In the first couple of seasons, the story focused on Captain Jonathan Archer (Scott Bakula), Commander Charles “Trip” Tucker III (Connor Trinneer) and Sub-commander T’Pol (Jolene Blalock). Compared to the Enterprise fans knew, this version of the ship was very low-tech.

For many reasons, the show just didn’t catch on like its predecessors had, with the first two seasons especially being pretty boring. Also, the UPN network didn’t make the show a priority, often bumping new episodes for sporting events and such.

In a recent Galaxy Con Live virtual panel, Trinneer was joined by cast members John Billingsley (Dr. Phlox) and Dominic Keating (Malcolm Reed). They discussed why Enterprise failed, and they didn’t hold back.

“We came on after so many years of Star Trek, and in a number of those years, double-dipping,” Billingsley said. “Deep Space Nine actually overlapped with Voyager, for instance. I think by the time we aired there was fatigue, understandable fatigue. The show did really at least need a year off. I always felt badly for Rick [Berman] and Brannon [Braga] that they weren’t given that time…The bible for the show just needed a little more work.”

"I think the notions were strong and I think with the character development they had some clarity. But in terms of an arc for the first season, I think the Suliban wasn’t quite as thought through as it maybe needed to be. I think there was a little bit more work needed on what the tonal balance was between the darkness of we are the first fucking ship and we don’t know what the fuck we are doing and the nature of what Star Trek is supposed to be, the optimistic spirit… It is a hard tone to strike for what they were trying to do."

The show never really found its footing, and it felt like the stories were dumbed down or changed around to be more family-friendly. “And the studio itself also needed to kind of grapple with what they wanted to achieve,” Billingsley continued. “I remember there was an early episode where a crew member is transported and they come back. And in the first draft… it was pretty cool because this guy comes back and his head is where his ass is supposed to be and [flails around] ‘what the fuck!’ and we are afraid of the transporter.”
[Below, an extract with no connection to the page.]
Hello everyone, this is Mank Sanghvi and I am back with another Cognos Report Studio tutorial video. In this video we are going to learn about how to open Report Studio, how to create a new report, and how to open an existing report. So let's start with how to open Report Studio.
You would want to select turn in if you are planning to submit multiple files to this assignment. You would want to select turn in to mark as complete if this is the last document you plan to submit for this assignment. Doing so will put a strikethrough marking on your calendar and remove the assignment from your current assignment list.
"By the time it emerges and we are shooting it, the guy comes back from the transporter accident and he has got a little twig sticking out of his forehead. And that to me early on crystalized where I think the timidity of the network actually fucked us. To me there was another level of scariness that the show wanted to move towards, and I felt that the powers that be said, ‘But, but, but.’"
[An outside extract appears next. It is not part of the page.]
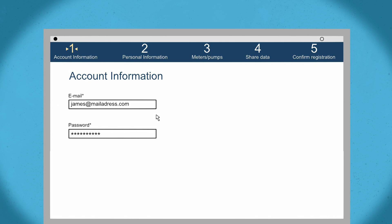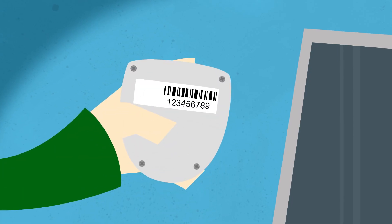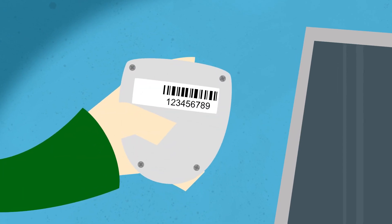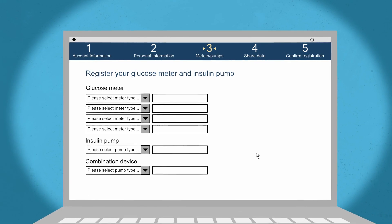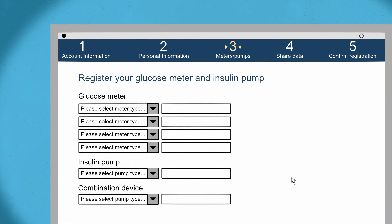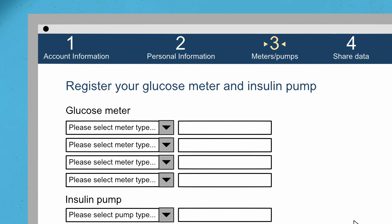Please note that the email address you register will also be your username when you log into Diacend. Please have the serial numbers of your device or devices ready as well. If you do not register your serial number during the registration process, you can add this later. The serial number will automatically be added into your account when you upload to your Diacend account, or you can add it manually.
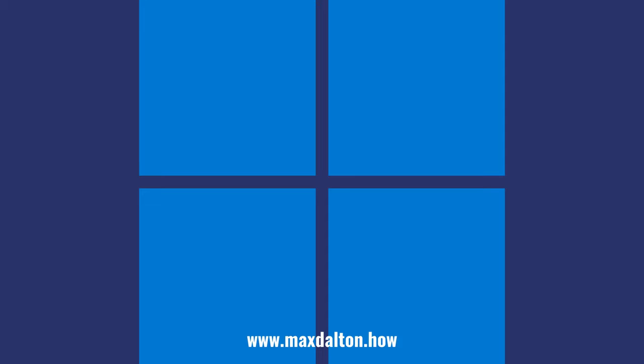Let me know if this video helped you out in the comments below. If you liked what you saw here, click the video links on the right side of the screen to check out another video, or click the logo on the left side of the screen to check out my tutorial website at www.maxdalton.how.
Billingsley also talks about Manny Coto who, became a showrunner in season 4. “For Manny, I think there was a sense of joyousness of, ‘Oh boy, I get to write Star Trek!’ He was a lover and appreciator of the first series. A lot of the Mirror Universe, the how did the Klingons get their new faces, a lot of those love-letter episodes in the third and fourth seasons came about because Manny was deeply enamored with Star Trek.”
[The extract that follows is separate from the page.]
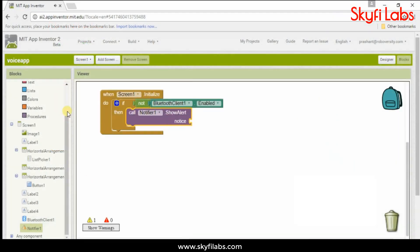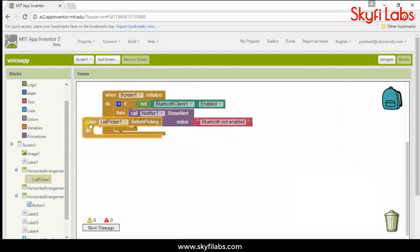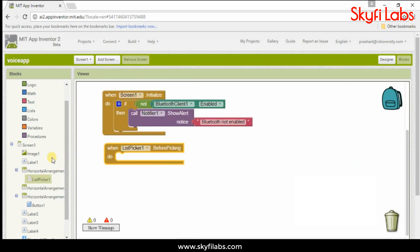You will also develop an Android app using MIT App Inventor, and use it to control your robot.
The problem with the new Klingon faces was that The Next Generation showed them with ridges, while the Original Series Klingons had none…they were smooth-faced. When Discovery came along, it went with ridges, so there was an inconsistency in how that alien species was depicted.

Klingons aside, the three amigos couldn’t seem to come to a unanimous decision on their feelings about visiting the Mirror Universe. “I did not like [the Mirror Universe episodes],” chimed in Trinneer. “I thought it was pandering.”

“They were good fun, John,” replied Keating.

“I don’t know. There are a few episodes I adored,” said Billingsley. “There are some episodes in the third and fourth season that I thought were a little too meta.”

No matter who or what you choose to blame for the failure of Star Trek: Enterprise, there’s little debate that it was something of a failure. When it was canceled in 2005, there wasn’t a new Star Trek television show until CBS All Access released Discovery season 1 in 2017.